Frazier seized the middle rounds, through the eighth. The crowd, which had joined in a chant of “Ali” in the opening round, now broke out into a chorus of “Joe! Joe! Joe!” At one point, with Ali reclining deep into the ropes, Frazier grabbed him and shoved him to the middle of the ring. Still, Ali — ever chipping away at a man’s psychology — delivered comical pitter-pat shots that seemed to make sport of Frazier’s intense seriousness. Why so serious, Joe?
Frazier was never fazed, though. He kept on with his mission, which was to destroy Ali.
Just when it looked like the flat-footed Ali was fading, he sprung to life in the ninth round. He opened up on Frazier midway through, scoring his best round since the second. The cat-like slap shots that Ali threw set up the blockbusters, and he tagged Frazier good.
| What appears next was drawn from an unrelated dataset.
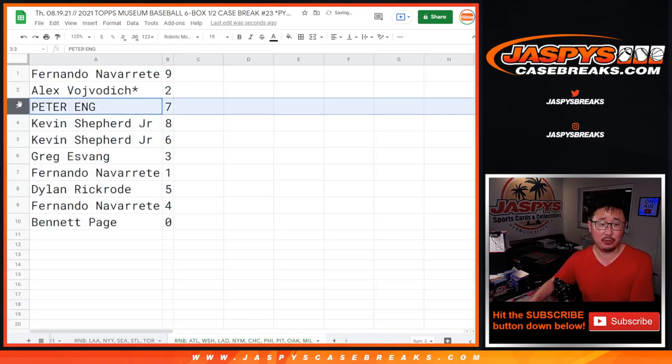Zero, once again, gets you any and all redemptions for that group of teams in that tab down there, including one-of-one redemptions. But Fernando, you'll still get live one-of-ones. Let's sort by column B. Coming up in the next video will be the break itself. We'll see you for that at JaspiesCaseBreaks.com.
The crowd roared back into life with the reminder, which was this: Never assume Ali’s out of it. Much of Ali’s greatness sprang from desperation.
Ali came storming back, as he always did.
Yet by the 11th, Frazier — still pressuring ceaselessly, still throwing every left hook with menace, still driven to vanquish his target or die trying — hurt Ali with a body shot. The crowd erupted. A left to body, then left to chin landed flush. Ali was taking more punishment than he could dish.
By the 15th round, Frazier had worn down Ali. But it was only in that last round that he finally got the desired effect from that brutal left hand. He connected cleanly, and Ali, in a rare sequence, fell straight on his back. That clip has lived for 45 years, and the magnitude of that moment still lives on in the annals of all-time great moments in sport. Ali got up by the count of three, but by that point it was academic. Frazier would retain the heavyweight title in what would go down, to witnesses far and wide, as “The Fight of the Century.”
Made so not just from what went down that night between Ali and Frazier and the backdrop of war, racial tension and religious beliefs, but for what it meant for the legacies of both men.
If this fight never happened, if Ali hadn’t suffered a loss with the world watching, it’s likely he’d never have come to be known as “The Greatest.” For even those who wanted to see him lose, how he treated the rest of the decade was undeniable. That loss set up the direness and doubt for his fight with George Foreman in Zaire in 1974 — doubt he reimagined as inspiration. It set up the trilogy with Frazier, with Ali winning the rubber match four years later, in what would be forever known as “The Thrilla in Manila.”
On the biggest stage the sporting world had ever known, March 8, 1971, “Smokin’ Joe” bested Muhammad Ali. It wasn’t just one for the golden age of heavyweights. “The Fight of the Century” ended up being exactly what it was.